Other usual chess rules obviously also apply.

It's not necessary to post an actual game record of the longest possible game, it's enough to give just the move count along with a detailed explanation of how it is achievable.

5899 moves for white, 5898 moves for black.

Explanation:

As I understand it, the 50 move rule means that if the players do 50 moves each without a capture/pawn-move, the game is drawn. In chess it is apparently customary to only count the number of moves by one player (e.g. a 32-move game means white played 32 moves, black 31 or 32 moves), but in the rest of this answer I will count moves of both players added together.

The threefold repetition rule can be ignored, because the players are cooperating and there are always enough pieces and enough room to avoid repetition for 50 moves each. The basic idea for creating the longest game is to do as many pawn moves as possible, interspersing those pawn moves and any capturing moves with 99 non-pawn non-capturing moves whenever possible.

Each pawn can move at most 6 times before it reaches the back row. With 16 pawns, that makes (at most) 6*16=96 pawn moves. For a pair of opposing pawns to both reach the back row, at least one of them must make a capture, so at least 8 of the 96 pawn moves are also captures. It is fairly easy to check that it can be done with only 8 captures by pawns.

Including the pawns, there are 30 pieces that can be captured before there are only the two kings left. The pawns capture 8 of those, leaving 22 more captures by other pieces.

So we have a total of 96+22=118 moves that are pawn moves and/or captures.

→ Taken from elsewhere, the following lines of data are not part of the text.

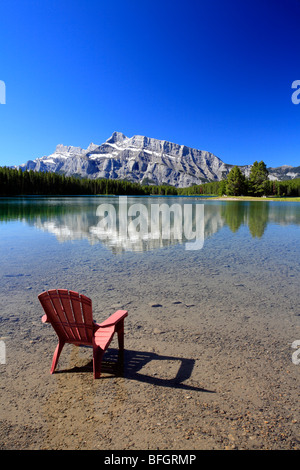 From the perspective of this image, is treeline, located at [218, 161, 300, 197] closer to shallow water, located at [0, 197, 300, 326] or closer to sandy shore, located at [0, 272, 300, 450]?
shallow water, located at [0, 197, 300, 326]

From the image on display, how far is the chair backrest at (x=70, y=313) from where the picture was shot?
4.45 metres

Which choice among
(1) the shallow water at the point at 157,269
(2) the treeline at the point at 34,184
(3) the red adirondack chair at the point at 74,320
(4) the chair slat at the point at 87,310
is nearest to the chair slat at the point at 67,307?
(3) the red adirondack chair at the point at 74,320

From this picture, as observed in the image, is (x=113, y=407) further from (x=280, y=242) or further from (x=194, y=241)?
(x=280, y=242)

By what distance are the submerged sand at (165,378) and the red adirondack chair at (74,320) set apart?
21.5 inches

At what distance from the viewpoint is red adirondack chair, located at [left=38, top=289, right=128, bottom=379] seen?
4461mm

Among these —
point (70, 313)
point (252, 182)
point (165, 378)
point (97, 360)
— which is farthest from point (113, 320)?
point (252, 182)

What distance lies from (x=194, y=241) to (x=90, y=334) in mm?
13788

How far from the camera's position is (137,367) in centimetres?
489

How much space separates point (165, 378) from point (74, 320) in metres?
1.91

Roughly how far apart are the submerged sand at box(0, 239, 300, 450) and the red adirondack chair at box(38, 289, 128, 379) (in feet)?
1.79

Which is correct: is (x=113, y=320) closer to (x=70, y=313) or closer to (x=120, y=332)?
(x=120, y=332)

The 99 moves before the first capture/pawn-move can be moves by the knights. So you may think that the game could last 100*118=11800 moves, where every 100th move is a pawn move or capture, and where the last move is the capture that leaves only the two kings on the board. However, in such a game all pawn moves and captures would be performed by one colour, and we need both players to make captures and pawn moves. It is not possible for one player to do all the pawn moves and capture before the other player, so we must switch colour at least twice.

Unfortunately (as Bass points out in the comments), two switches is also not sufficient. Black is the first to do captures/pawn-moves, but he should not do captures using his pawns because the white pawns are still in their starting positions. The 8 available capture-by-pawn moves must be used for getting pawns to pass each other. When it is white's turn for captures/pawn-moves, he can promote his pawns, but he cannot yet capture blacks pawns because they still have more moves to do. When it is black's turn, he can get his pawns promoted, but finally white must be allowed to capture black's former pawns again. So this means three switches of colour are necessary, and very probably sufficient.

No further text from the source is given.